Publié le 19 septembre 2025 chez Stones Throw Records, Beat Tape III ne ressemble pas à un album classique. C’est un recueil de fragments, des morceaux souvent réduits à une minute, parfois deux, où Benny Sings dessine ses idées comme on griffonne des lignes dans un carnet. Dans ce minimalisme se loge une forme de liberté rare, presque fragile : celle de laisser l’inachevé respirer
Avec ses 22 titres, Beat Tape III assume sa succession de moments suspendus. Dans la lignée des beat tapes de J Dilla ou Madlib, mais transposée à la douceur pop-soul propre à Benny Sings, l’œuvre revendique sa légèreté. C’est une musique qui parle autant par ses silences que par ses mélodies. En filigrane, une question : qu’est-ce qui fait “chanson” aujourd’hui ?
Le fragment comme méthode

Écouter cet album, c’est accepter de ne pas se poser. Aucun morceau ne cherche à s’imposer comme un single, beaucoup se dissipent avant même d’avoir pris forme. Là où d’autres prolongeraient un beat, Benny coupe net, laissant l’auditeur flotter dans l’entre-deux. Ce refus de l’achèvement, loin d’être une faiblesse, s’inscrit dans une esthétique précise : dire moins, mais dire juste. Les voix comme éclats : autour de Benny gravitent Leven Kali, June Amor, Mathilda Homer, Kelsey González, Dean Tippet. Des apparitions furtives, qui rappellent les silhouettes croisées dans une ville au crépuscule. Leur présence n’est pas décorative, elle fonctionne comme des ponctuations, des halos. Chaque invité apporte un contrepoint, mais aucun ne brise l’équilibre fragile du disque : celui d’une esquisse qui ne veut jamais devenir fresque.
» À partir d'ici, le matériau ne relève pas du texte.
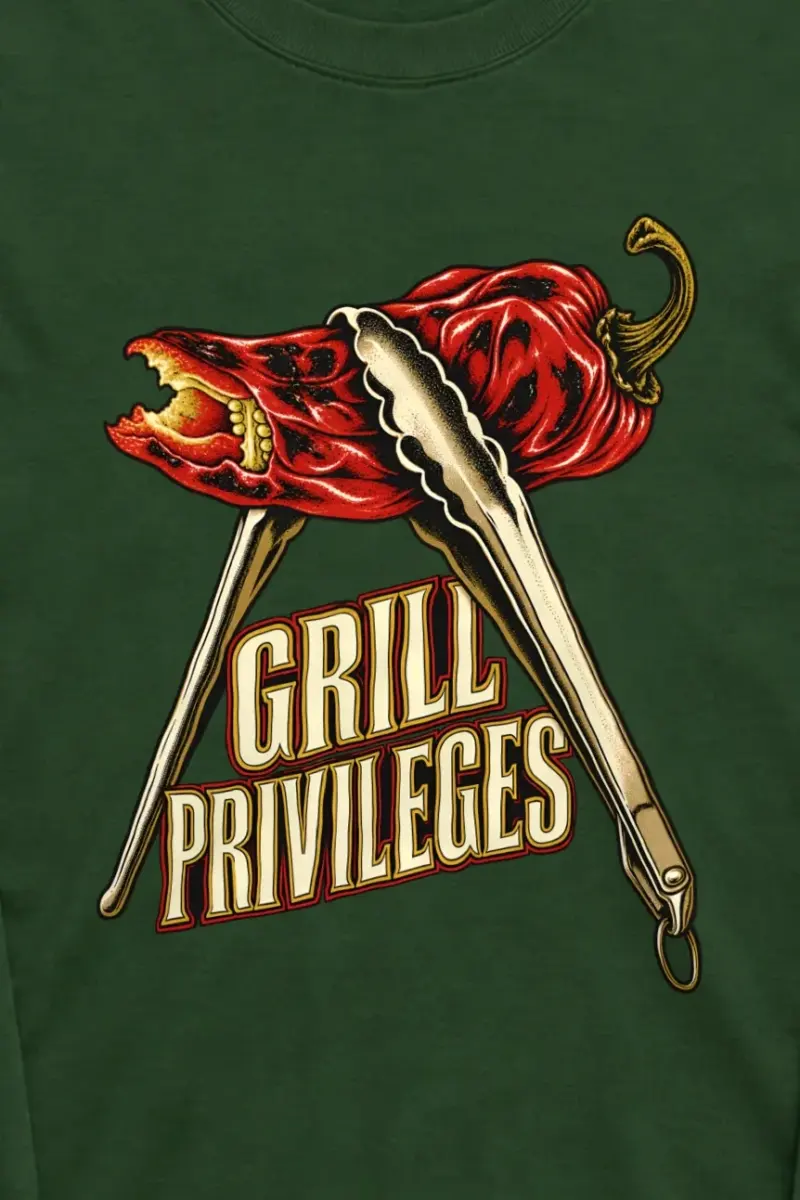 "Grill Privileges" Unisex Longsleeve T-shirt - the graphic up close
« Il y a une certaine liberté à partager des chansons qui n’ont pas pu faire partie de l’album, mais qui ont quand même leur magie » — Benny Sings, à propos de Beat Tape III .
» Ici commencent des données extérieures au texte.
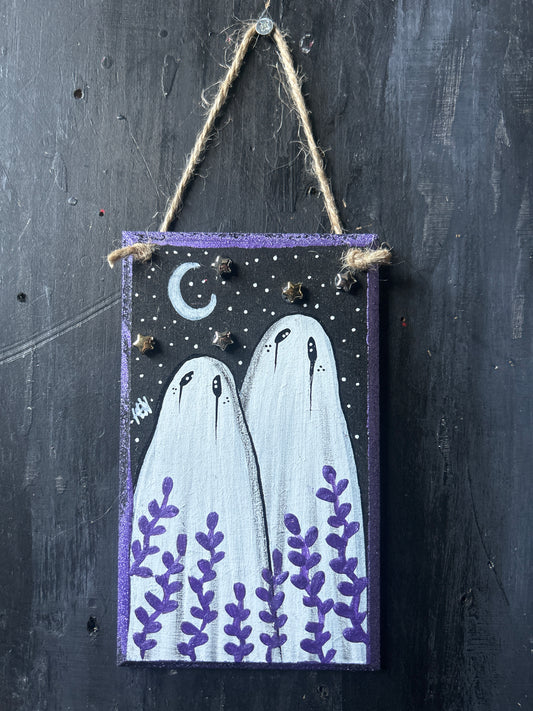Hand Painted Wooden Plaque - Ghost Couple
Entre héritage et effacement

Le format “beat tape” a une histoire lourde, façonnée par la fièvre de J Dilla (Donuts), les collages de Madlib, ou encore les explorations lo-fi des années Bandcamp. Benny Sings s’inscrit ailleurs : il détourne la technique pour la plier à sa pop feutrée. Pas de saturation, pas de chaos : juste un effleurement. On pourrait reprocher à l’ensemble un manque de rugosité, mais c’est dans cette retenue que se cache son geste. Le non-dit comme langage ? Chaque piste agit comme un espace de projection. Ce que l’on n’entend pas devient tout aussi important que les accords ou les voix. Dans un monde saturé d’images et de sons, Benny choisit la voie du minimalisme, presque de l’effacement. Une façon de nous rappeler que la musique n’est pas seulement une accumulation, mais aussi un retrait. Beat Tape III n’est pas une œuvre qui s’impose. C’est un disque qui murmure, qui suggère. Il peut sembler mineur, mais il ouvre une brèche : et si l’art du fragment, du presque rien, était une réponse aux excès de l’époque ? Ce geste humble, presque effacé, pourrait bien être la plus belle déclaration de Benny Sings depuis longtemps.